Le setup le plus simple reste donc le même qu’hier : même PC ou même console, deux manettes, même écran. À distance, Steam Remote Play Together est l’option la plus naturelle pour les joueurs Steam. Parsec peut offrir un résultat plus fin selon les configurations, mais demande un peu plus de mise en place. Dans les deux cas, mieux vaut prévenir les amis avant la session : si l’hôte a une connexion instable ou une machine trop chargée, le problème ne viendra pas du design d’Astral Ascent, mais de l’infrastructure autour.
Si ce point mérite une mise au clair maintenant, ce n’est pas par manie de pinailler. C’est parce que Astral Ascent connaît un nouveau cycle de visibilité. Le 14 mai 2026, Hibernian Workshop doit lancer le DLC Arven, The Wolf Blade à 4,99 dollars, avec un nouveau personnage présenté comme un ranger accompagné d’un loup, 25 sorts uniques, deux styles d’armes, des passifs inédits et quatre nouveaux chapitres narratifs avec cinématiques. Le contenu s’accompagne aussi d’un doublage anglais assuré par Ben Starr.

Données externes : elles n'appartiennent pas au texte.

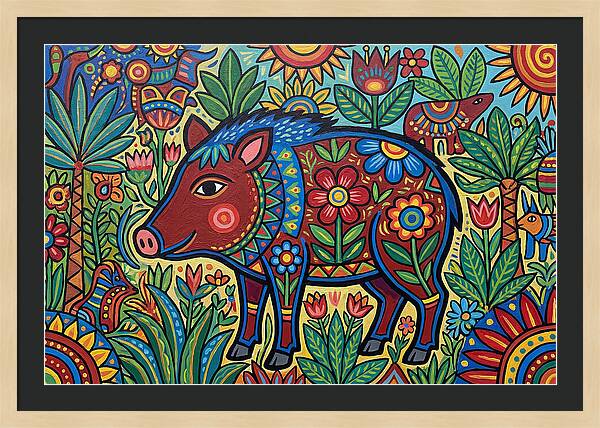 Peccary In Vibrant Nature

En parallèle, une mise à jour gratuite doit revoir en profondeur le système de Prowesses pour tous les joueurs, même si le détail exact de cette refonte n’a pas encore été exposé de manière exhaustive dans les éléments disponibles. Ajoutez à cela une période free-to-play sur Steam du 14 au 18 mai, pensée pour attirer de nouveaux venus et faire revenir les anciens, et vous obtenez la recette classique du « second souffle éditorial » : un DLC payant pour relancer l’attention, une grosse mise à jour gratuite pour élargir la base, et une fenêtre d’essai pour faire entrer des curieux.

Le problème, c’est qu’un regain d’intérêt s’accompagne presque toujours d’un regain de requêtes du type « online co-op ? ». Et c’est là que la précision devient un service rendu au lecteur, pas un détail technique. Mieux vaut savoir avant de télécharger, inviter un ami ou acheter un DLC.

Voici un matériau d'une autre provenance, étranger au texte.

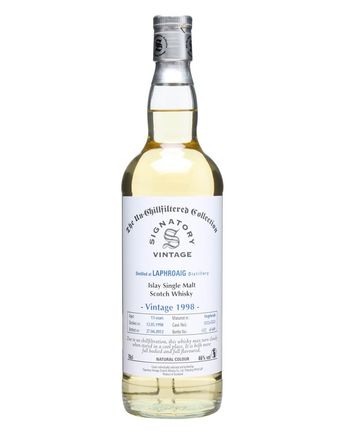 Laphroaig 1998 13 år gammal Cask #5552+5553 Signatory Un-Chillfiltered Collection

J’ai vu cette scène se rejouer pendant des décennies : un excellent jeu local, une fiche commerciale un peu vague, puis une vague de joueurs qui découvrent trop tard que « jouer ensemble » ne voulait pas dire « jouer en ligne ». Ce n’est pas un scandale, mais c’est un classique de l’ergonomie éditoriale ratée. Le secteur est passé depuis longtemps au réflexe du jeu connecté ; quand une production reste locale dans sa philosophie, elle doit l’assumer frontalement.

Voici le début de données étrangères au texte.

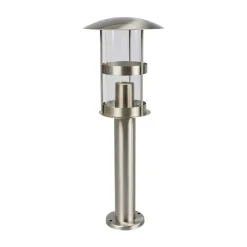 Lindby Sokkellampe Noemi, grå, stål, 50 cm, IP44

Et pour être juste, ce n’est pas forcément un défaut de design. Tous les jeux n’ont pas besoin d’un netcode dédié. Tous les studios n’ont pas les moyens, ni l’envie, de développer et maintenir une vraie couche réseau. Le tort commence quand cette absence n’est pas formulée avec assez de netteté. Astral Ascent semble appartenir à cette catégorie : un jeu qui fonctionne bien dans son cadre, mais dont la promesse peut être mal lue dès qu’on sort du canapé.
Astral Ascent propose bien du coopératif à deux joueurs, mais en local sur écran partagé, pas via un mode online natif. Pour jouer à distance sur PC, il faut passer par Steam Remote Play Together ou Parsec, donc par un contournement dépendant de la machine et de la connexion de l’hôte. Avec le DLC Arven, The Wolf Blade, la mise à jour gratuite et le free-to-play Steam, c’est précisément le moment où cette nuance doit être dite sans flou.